Ficar em silêncio quando necessário. Deve seguir os cinco mandamentos
(não matar nenhum ser vivo, não roubar, não ser sexualmente promíscuo,
não mentir e não tomar estimulantes). Escolher um trabalho que não
contrarie esse mandamentos. Por exemplo, embora o budista possa comer
carne, não pode ser açougueiro.
Esforço Correto, Conscientização Completa ou Correta e Concentração Correta
Maneira como o ser humano pode melhorar a si mesmo. O budista deve
evitar pensamentos ou estados de espírito destrutivos, e se já
existirem, devem expulsá-los. Deve praticar a auto contemplação para
obter pleno controle do seu corpo e de sua mente. Uma vez conseguido
isto, ele estará pronto para iniciar a meditação. Através dela, o
budista pode atingir a plena iluminação, libertando-se da lei do carma. O
budista se torna então um arhat (isto é, 'venerável'), o que significa que não irá mais renascer. E quando morrer, atingirá o eterno nirvana.

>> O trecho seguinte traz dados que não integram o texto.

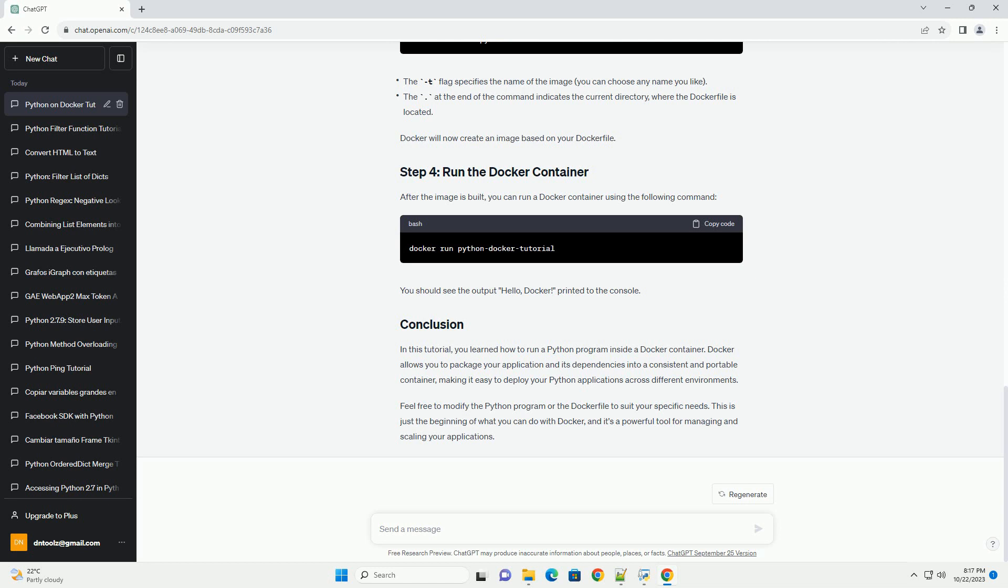Create a file named Dockerfile, no file extension, in the same directory as your Python script with the following content. In this Docker file.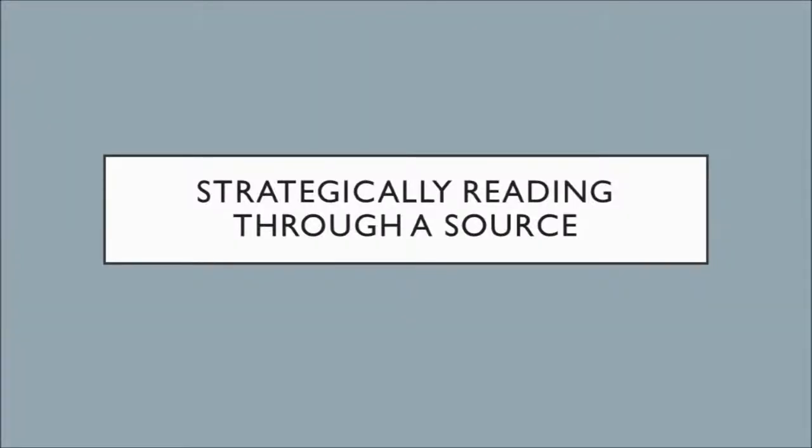So now we're going to talk about strategically reading through a particular resource. We're going to go back to the scholarly article I showed you as an example earlier.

"Às vezes os ensinamentos podem
parecer pouco práticos. Você pode dizer, 'Tudo bem, entendi tudo, mas
tenho um pequeno problema: hoje é dia 18 e no dia 20 tenho de saldar uma
conta. O que vou fazer? Explicar ao gerente do banco o nobre caminho
óctuplo? Ele pode até compreender, mas não vai poder me ajudar...' [...]
Podemos manipular coisas, dar jeitinhos, mas existe um limite. Quando
manipulamos, o ensinamento buddhista diz: isso não é liberação, isso é o
modo de agir na roda da vida, mas a efetividade dessa ação não passa de
um certo ponto. Em um determinado momento, vamos ter mesmo de passar
pelas piores circunstâncias. Quando isso acontece, surge a possibilidade
de liberação, como ocorreu com o Buda, a revelação da natureza
ilimitada que está além da roda da vida. O ensinamento buddhista não diz
que você vai se livrar das dificuldades. O budismo ensina que, no meio
das dificuldades, sua natureza última não entra em sofrimento, não pode
ser afetada. Esse é o ensinamento mais sutil sobre crise. No budismo
dizemos que sofrimento e alegria têm a mesma face quando contemplados a
partir da natureza última. Na natureza última não é corrompida na
alegria e não entre em crise no sofrimento."